Fancy fungi grown in the Czech Republic may benefit from global warming

A black truffle in the soil. The photo shows the truffle upclose to show it's jagged texture
The tasty fungi are naturally found deep within the roots of various trees, like oaks, hazels, spruces, and pines, because of the two organisms share a symbiotic relationship. Michel Royon / Wikimedia Commons CC BY-SA 3.0

For their earthy scent and intense flavor, truffles are a frequent feature in the world’s finest dishes. Périgord truffles (Tuber melanosporum) often called “black diamonds,” are found in various parts of Europe. With one pound fetching up to 750 Euros ($907.70 U.S. dollars), black truffles are one of the most expensive fungi globally. The lucrative business has scientists researching how truffle cultivation will fare with climate change, reports Katherine Kornei for Eos.

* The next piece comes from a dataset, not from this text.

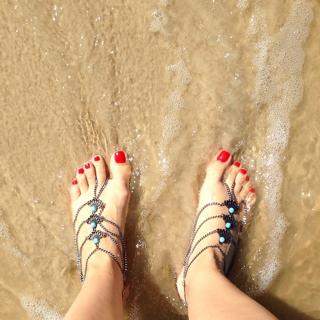 Amanda Françozo feet photo 6
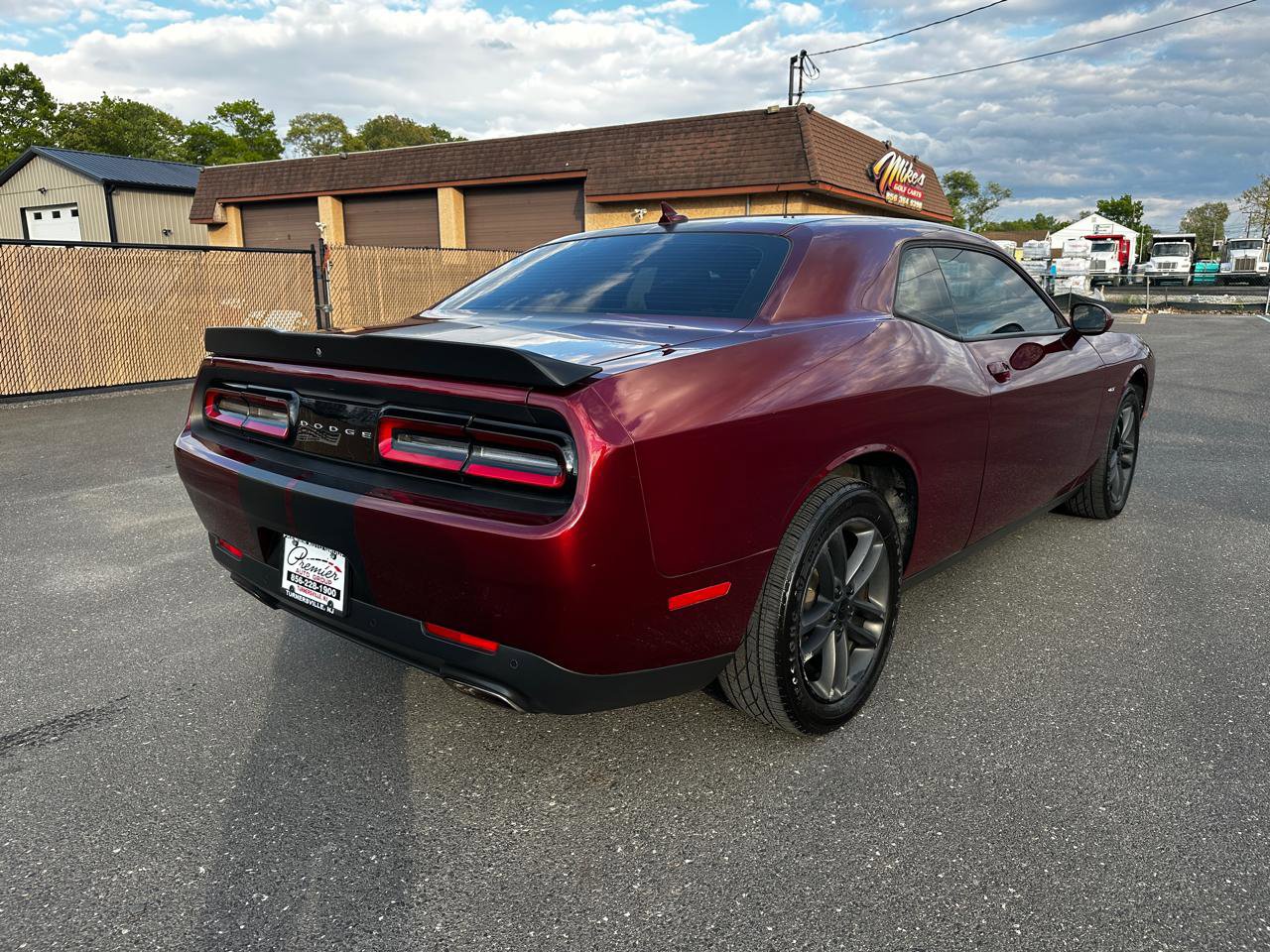 Used 2018 Dodge Challenger GT w/ Technology Group AWD/4WD image 5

But fear not truffle lovers, new research shows global warming may increase the number of Périgord truffles harvested by 2050 in Central Europe, according to a study published in Scientific Reports in December 2020.

Truffles are finicky. They require specific conditions to grow, and some truffles, like the prized and exorbitant European white truffle, can’t be cultivated through traditional agricultural methods. Even then, truffles grown on plantations, called truffieres, need tree roots to grow. The tasty fungi are naturally found deep within the roots of various trees, like oaks, hazels, spruces, and pines, because of the two organisms share a symbiotic relationship. Truffles will take sugar and water from the roots while feeding soil nutrients back into the tree, reports Alejandra Borunda for National Geographic. Soil pH is another important factor in dictating whether truffle spores will grow into the delicacy.

Using 57 previously published studies on truffles’ best-growing conditions, Tomáš Čejka, a climate change scientist at the Global Change Research Institute of the Czech Academy of Sciences in Brno, and his team studied how warmer conditions increased the range where the truffles could thrive. Čejka and his colleagues found that truffle cultivation under future climate change conditions would be most manageable with drought-tolerant oaks.

Founder of New World Truffieres Inc. and past president of the North American Truffling Society Charles Lefevre, tells Eos that the study's models could be used as a guide to see how climate change may affect truffle growth in other places.

But the researchers’ study was based on parameters within the Czech Republic and did not represent everywhere truffles grow in the world. In France, for example, black truffle cultivation is suffering from high heat and droughts, reports National Geographic. Before the winter harvest, summer rainfall is needed to produce truffles, and France’s pattern of drier summers is leaving truffles both in the wild and on plantations in trouble.

Lefevere hopes researchers will apply their models in the United States and Australia next. Both locations are home to growing truffle production. "Australia is already the fourth-largest producer of Périgord truffles and could potentially overtake Italy in the next few years,” he tells Eos.